Tree rings are a good example of why YEC is troubling to so many, including myself. We have learned how to read tree rings for specific climate data, allowing us to reconstruct conditions in many places regions of the world. These reconstructions are extremely accurate in every place where we can cross-check them with recorded data.

Now, there are some very old plants out there. Several have tree rings going back 5,000+ years, right through when usual estimates of the flood would have occurred. But trees rarely live more than 5,000 years. However, one can actually establish sequences of tree rings to extend back farther than any one tree. That is, if you have 3 or 4 trees that each partially overlapped in their lifespans, you can find the points of intersection between them and then add them together to create a continuous sequence. These sequences have been extended back over 10,000 years. 

So, the YEC position requires a magic wall. All the years back to the creation year, the tree rings give us real data about climate and its effect on the the tree. But then suddenly and without any indication of change, the tree rings stop referring to real events and simply evidence whatever fake history God inscribed in them. And since we don't know the exact year of creation, we can never tell where the line between real history and random creation-data is. 

Tree rings are just one example. Others include ice cores, coral reefs, geographical strata, etc. What's so spectacular about these methods is that when one cross-checks one dating mechanism (say tree rings) against others (carbon dating, strata), they almost always yield consistent information. It's almost as if they contained data about real historical events...


----------



## Dearly Bought

CharlieJ said:


> Tree rings are a good example of why YEC is troubling to so many, including myself. We have learned how to read tree rings for specific climate data, allowing us to reconstruct conditions in many places regions of the world. These reconstructions are extremely accurate in every place where we can cross-check them with recorded data.
> 
> Now, there are some very old plants out there. Several have tree rings going back 5,000+ years, right through when usual estimates of the flood would have occurred. But trees rarely live more than 5,000 years. However, one can actually establish sequences of tree rings to extend back farther than any one tree. That is, if you have 3 or 4 trees that each partially overlapped in their lifespans, you can find the points of intersection between them and then add them together to create a continuous sequence. These sequences have been extended back over 10,000 years.
> 
> So, the YEC position requires a magic wall. All the years back to the creation year, the tree rings give us real data about climate and its effect on the the tree. But then suddenly and without any indication of change, the tree rings stop referring to real events and simply evidence whatever fake history God inscribed in them. And since we don't know the exact year of creation, we can never tell where the line between real history and random creation-data is.
> 
> Tree rings are just one example.
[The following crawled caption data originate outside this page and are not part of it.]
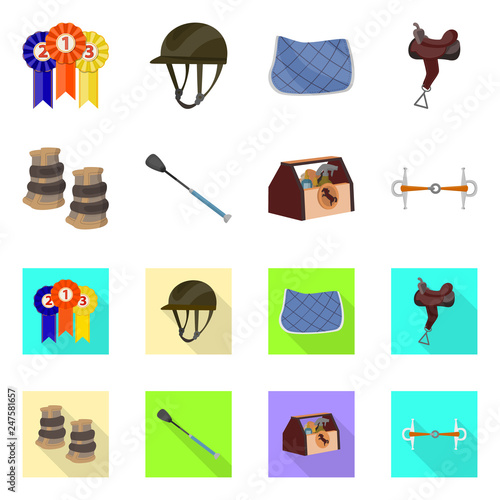 Vector illustration of equipment and riding symbol. Collection of equipment and competition vector icon for stock.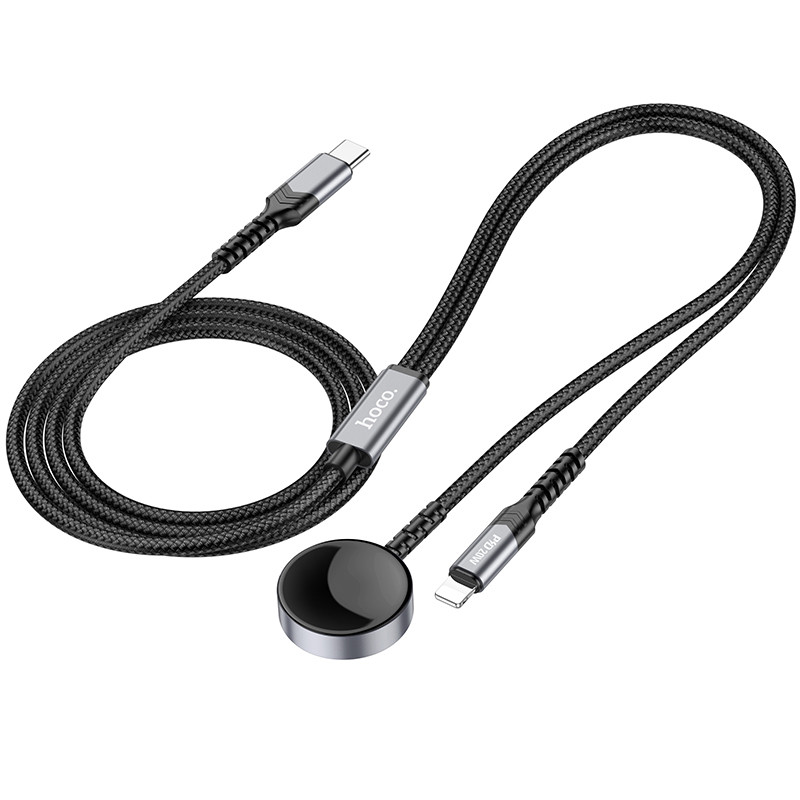 Фото Дата кабель Hoco CW54 2in1 Type-C для iWatch/Lightning 2.5W (1.2m) (Black) в маназині vchehle.ua
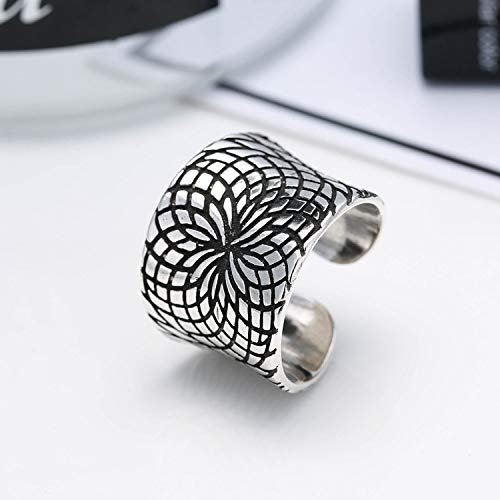 LCDIUDIU Einstellbare Ring Frauen,S925 Sterlingsilber Retro Breite Blume Geometrische Ethnische Verstellbare Offene Knöchel Schwanz Ring Finger Joint Zehenring Schmuck Für Frauen Mädchen Geschenk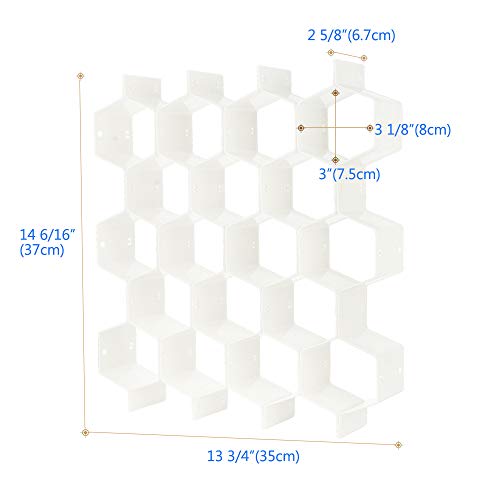 Poeland Drawer Divider Organizer 8pcs DIY Plastic Grid Honeycomb Drawer Divider White 2 Pack - color: White(2pack)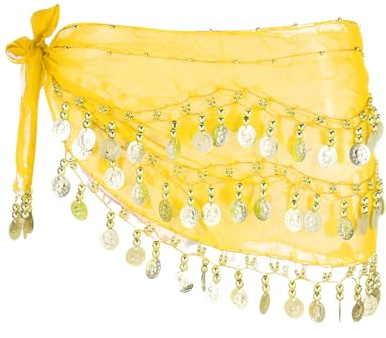 sourcing map Belly Dance Hip Scarf 55x10, 1 Pack Women's Belly Dance Costume Skirt Wrap with 98 Gold Coin for Dance or Yoga Class, Yellow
Others include ice cores, coral reefs, geographical strata, etc. What's so spectacular about these methods is that when one cross-checks one dating mechanism (say tree rings) against others (carbon dating, strata), they almost always yield consistent information. It's almost as if they contained data about real historical events...



So that I understand your frame of reference, are you willing to accept 800-900 year life spans for men such Methuselah?


----------



## CharlieJ

I am not tied to the position that the biblical chronologies are literal reckonings, but I am not opposed to it either. Is it relevant?


----------



## Peairtach

CharlieJ said:


> Tree rings are a good example of why YEC is troubling to so many, including myself. We have learned how to read tree rings for specific climate data, allowing us to reconstruct conditions in many places regions of the world. These reconstructions are extremely accurate in every place where we can cross-check them with recorded data.
> 
> Now, there are some very old plants out there. Several have tree rings going back 5,000+ years, right through when usual estimates of the flood would have occurred. But trees rarely live more than 5,000 years. However, one can actually establish sequences of tree rings to extend back farther than any one tree. That is, if you have 3 or 4 trees that each partially overlapped in their lifespans, you can find the points of intersection between them and then add them together to create a continuous sequence. These sequences have been extended back over 10,000 years.
> 
> So, the YEC position requires a magic wall. All the years back to the creation year, the tree rings give us real data about climate and its effect on the the tree. But then suddenly and without any indication of change, the tree rings stop referring to real events and simply evidence whatever fake history God inscribed in them. And since we don't know the exact year of creation, we can never tell where the line between real history and random creation-data is.
> 
> Tree rings are just one example. Others include ice cores, coral reefs, geographical strata, etc. What's so spectacular about these methods is that when one cross-checks one dating mechanism (say tree rings) against others (carbon dating, strata), they almost always yield consistent information. It's almost as if they contained data about real historical events...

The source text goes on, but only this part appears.